Em segundo lugar, quando as origens e as estruturas que mantêm as desigualdades são normalizadas e parecem naturalmente presentes, torna-se mais fácil partilhar impensadamente imagens que pretendem suscitar emoção e raiva, repetindo a narrativa prejudicial de que África é indefesa e relevante apenas como um site para a autodescoberta de um ocidental.
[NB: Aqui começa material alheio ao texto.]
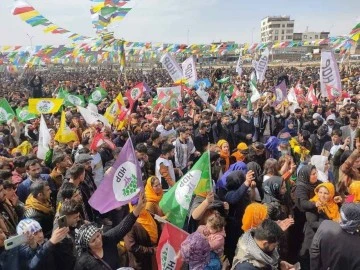 Şanlıurfa'da Nevruz Coşkusu: Birlik ve Demokrasi Mesajları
Contar histórias sobre como as pessoas brancas podem navegar pelos seus sentimentos e desejos pode ser convincente, mas nega qualquer crítica possível ao resto de nós implicados no complexo industrial do salvador branco. Mesmo quando negam as lesões sistémicas e a violência estrutural, os ocidentais criticam os indivíduos e procuram a absolvição das ações individuais.

Numa entrevista para um projeto em que estamos trabalhando, o falecido escritor Binyavanga Wainaina, famoso por zombar de como os jornalistas ocidentais escrevem sobre a África, descreveu como o Live Aid e o single “Do They Know It’s Christmas?” revelou como o Ocidente via ele e sua família, os quenianos e os africanos como um todo na época: “A música não parava em dizer ‘Etiópia’, dizia ‘África’. Então, estamos sentados aqui vendo as pessoas chegarem e dizerem: ‘Estamos vindo para salvá-los’ e que precisamos ser cuidados por pessoas brancas em todo o mundo. Nunca me ocorreu até então: é assim que eles nos veem.”